Competition, debt, rising costs pressure top Chinese firm’s results

Tighter competition and squeezed margins are being blamed for poor financial results at one of China’s leading processing and aquaculture firms. Yantai-based Oriental Ocean Sci Tech Co. saw its profits tumble 27 percent in 2014 to CNY 41.5 million (USD 6.64 million; EUR 5.81 million).

Revenue for the year at CNY 605 million (USD 96.8 million; EUR 84.7 million) was down 1.79 percent. “Fierce competition” among processors was the main cause of the profit drop, according to Shi Che, company chairman and general manager.

Last year’s results were also impacted by costs: The 36.6 percent increase in costs outpaced earnings from aquaculture last year, which grew 18.9 percent on the previous year. 

A slower Chinese economy means the firm has been unable to grow sales of its salmon, which the firm is breeding in tanks. The company, which also farms sea cucumbers, has struggled to open sales channels for its salmon, with questions persisting over the company strategy of supplying the salmon live in tanks to local supermarkets rather than pre-cut for sashimi.

Meanwhile, debt remains a big drag on profitability. Oriental Ocean issued CNY 1.3 billion in stock to pay down over CNY 900 million in bank loans. Yet despite the recent profit slump financial analysts continue to be optimistic about Oriental Ocean, with analyst Liu Xiaobo at Everbright Securities in Shanghai predicting profits will recover this year to CNY 90 million (USD 14.4 million; EUR 12.6 million) with that figure stretching to CNY 150 million (USD 24 million; EUR 21 million) in 2016.

Liu’s prediction is based on the company’s ability to use a booming stock market to pay down debt and plans to restructure the company away from low-margin processing. “Aquaculture is a cash-intensive industry and it requires constant investment into research and new products,” according to Liu.

Liu also points to a three-year lock down on shares held by the family of company chairman Shi Che (who has a 38 percent stake in the company) and predicts this will give investors confidence in the future of Oriental Ocean.

Oriental Ocean’s long-term strategy is to shift from its hitherto reliance on export-focused processing to aquaculture, producing high-margin species for domestic buyers. Having established itself as a processor, the firm has cast around for ways to benefit from rising consumption of pricey seafood among an increasingly wealthy local consumer base.

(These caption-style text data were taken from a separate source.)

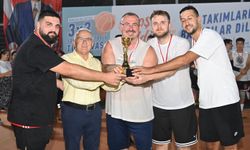 SOKAK BASKETBOLU TURNUVASI  COŞKUYLA TAMAMLANDI!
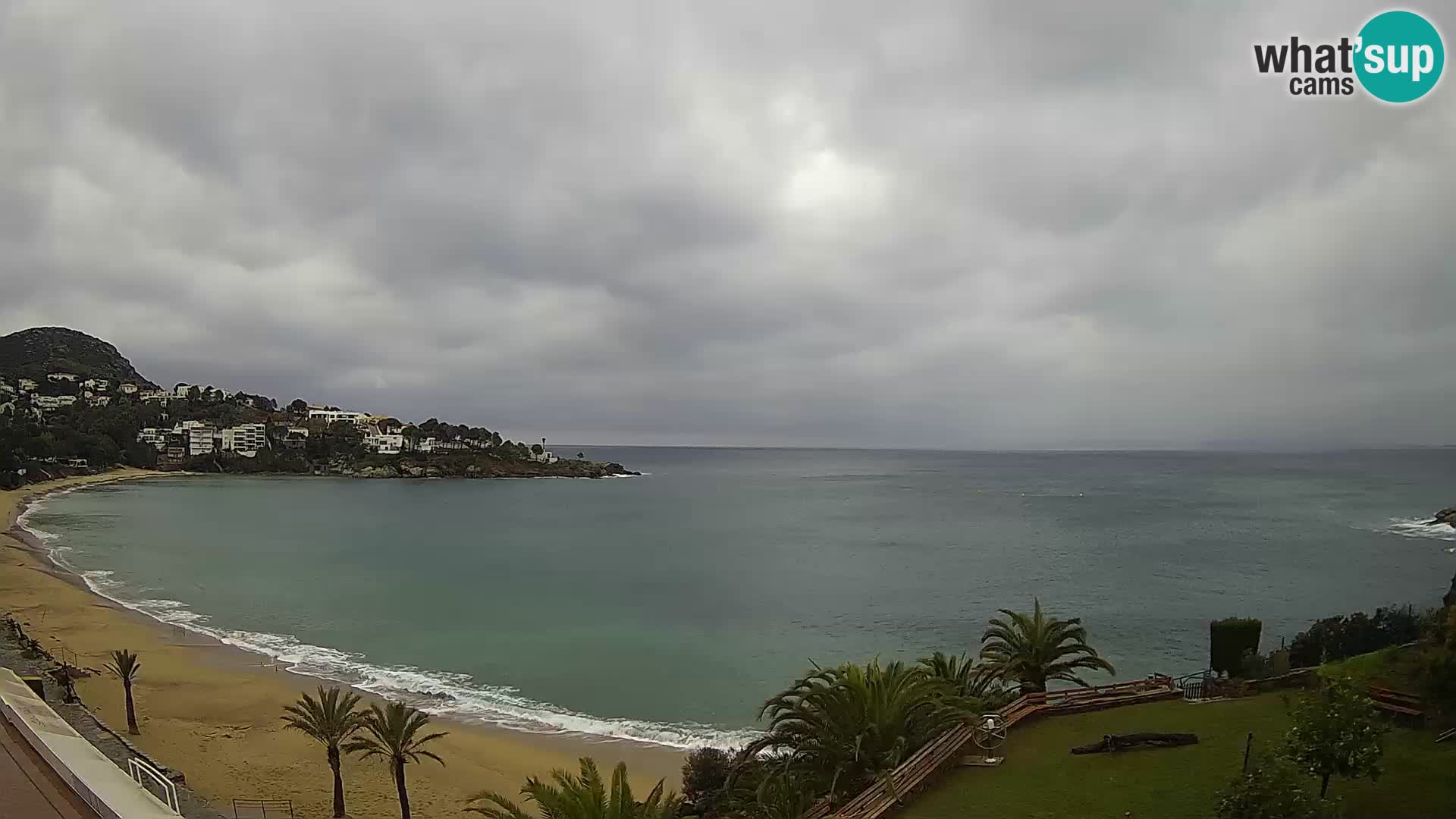 Platja de l’Almadrava Spiaggia Live Webcam Roses – Costa Brava – Spagna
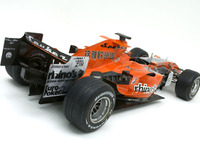 スパイカーMF1の新マシンがお目見え 画像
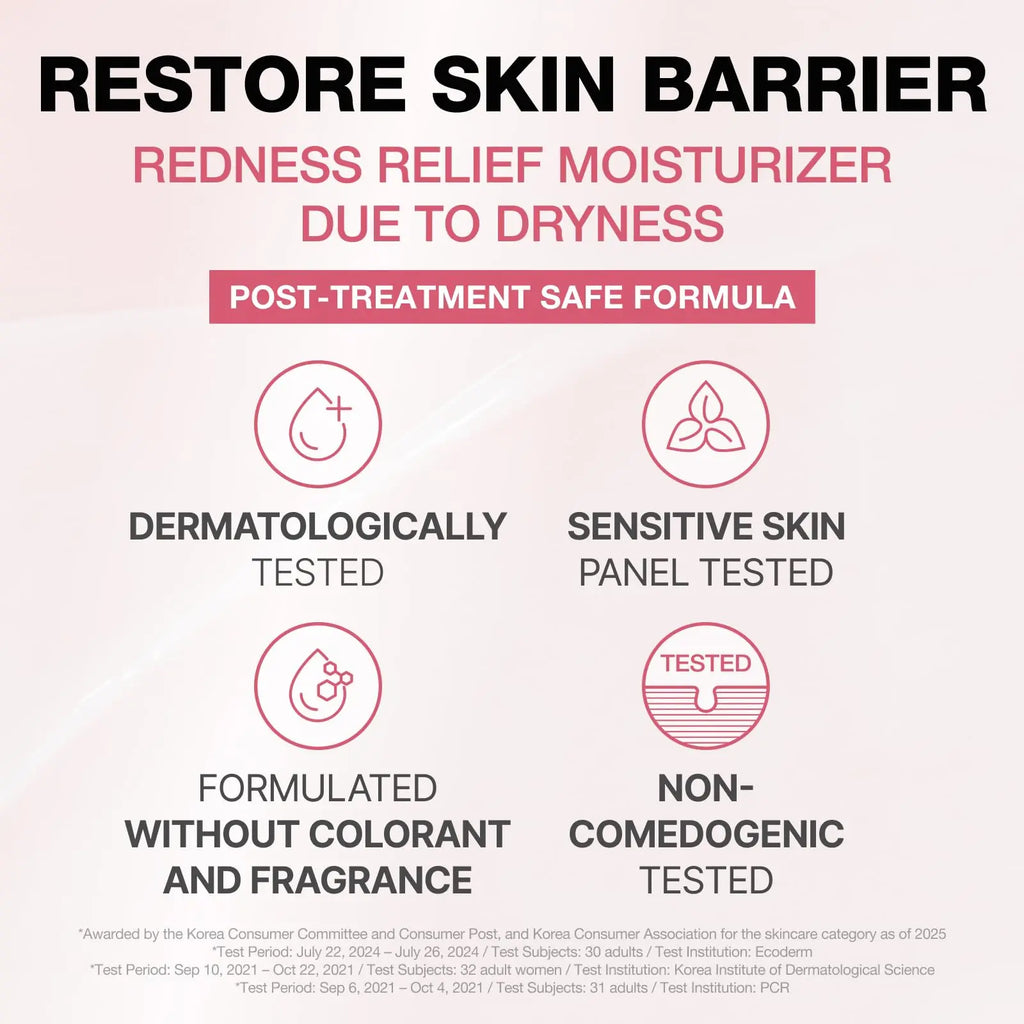 [PHYSIOGEL Official] Post-Laser Recovery & Redness Care Bundle: Intense Hydration Set for Sensitive Skin - Soothing Facial Cream + Gentle Cleanser, Korean Skincare, National Eczema Association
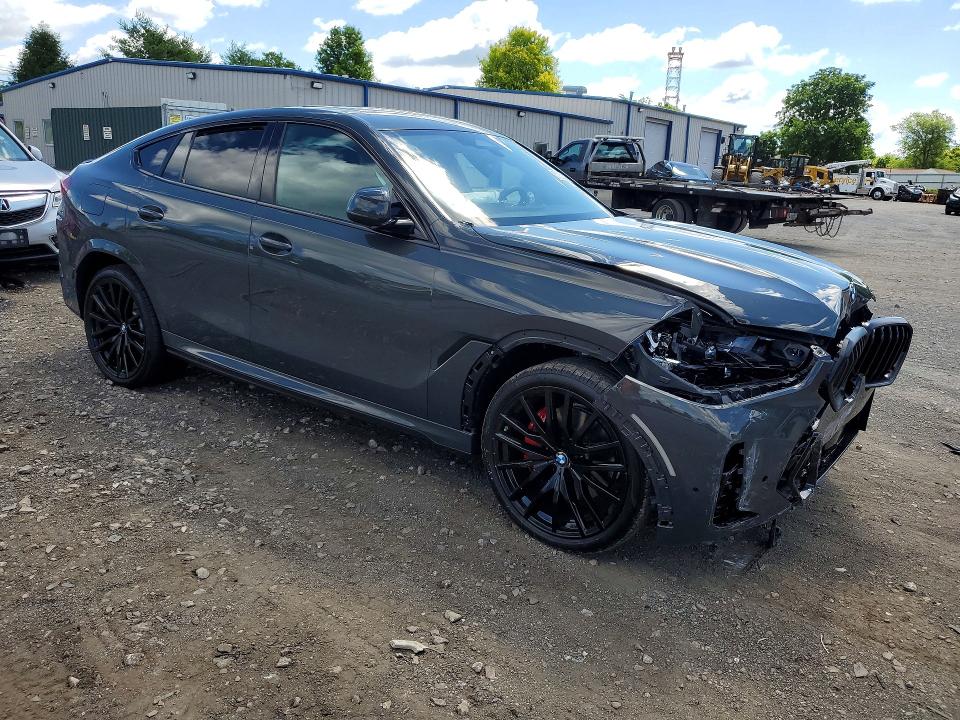 57232786 :رقم المزاد ، 5UX33EX0XT9420404 vin ، 2026 Bmw X6 مزاد بيع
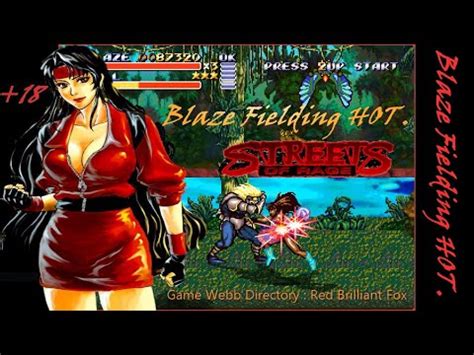 Naked Blaze Fielding Syndicate Chaos No Openbor Youtube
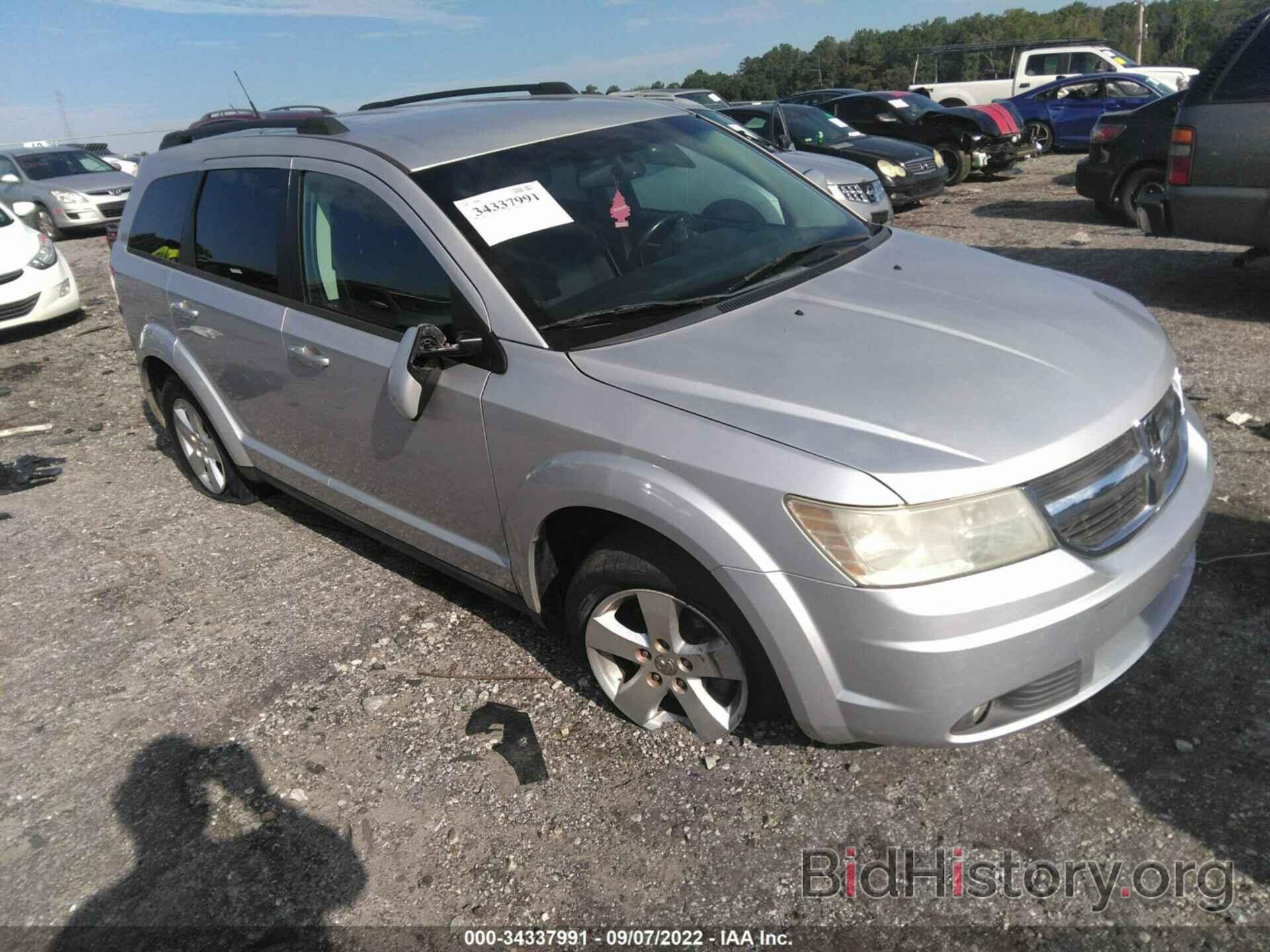 Photo 3D4PG5FV6AT109919 - DODGE JOURNEY 2010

Also working in the company’s favor is a well-established network of self-owned stores around northern and central China, along with a logistics network of more than 100 refrigerated vehicles. This is significant given logistic costs account for 40 percent of the cost of production in China, (compared to 20 percent in the United States), according to China’s ministry of commerce.

Oriental Ocean specializes in cod, haddock and mackerel with the firm shipping fillets and frozen blocks at three seafood processing plants with total processing space of 70,000 square meters.

Contract processing has largely declined — cod and haddock goes mostly to the United States and EU but mackerel for the Japanese market keeps the firm’s two cold-chain bonded warehouses busy.

While the firm has benefitted from access to cash in the current Chinese stock market bull run, Oriental Ocean is also buffeted by the company’s subsidiary businesses, which like its salmon business also target the spending power of China’s middle class. Hotels, schools and a property management company and some of the other businesses under the company umbrella.    

Listed on the Shenzhen stock market, Oriental Ocean in 2012 was named among “the most valuable brands of Shandong,” an annual government honors list for local corporations.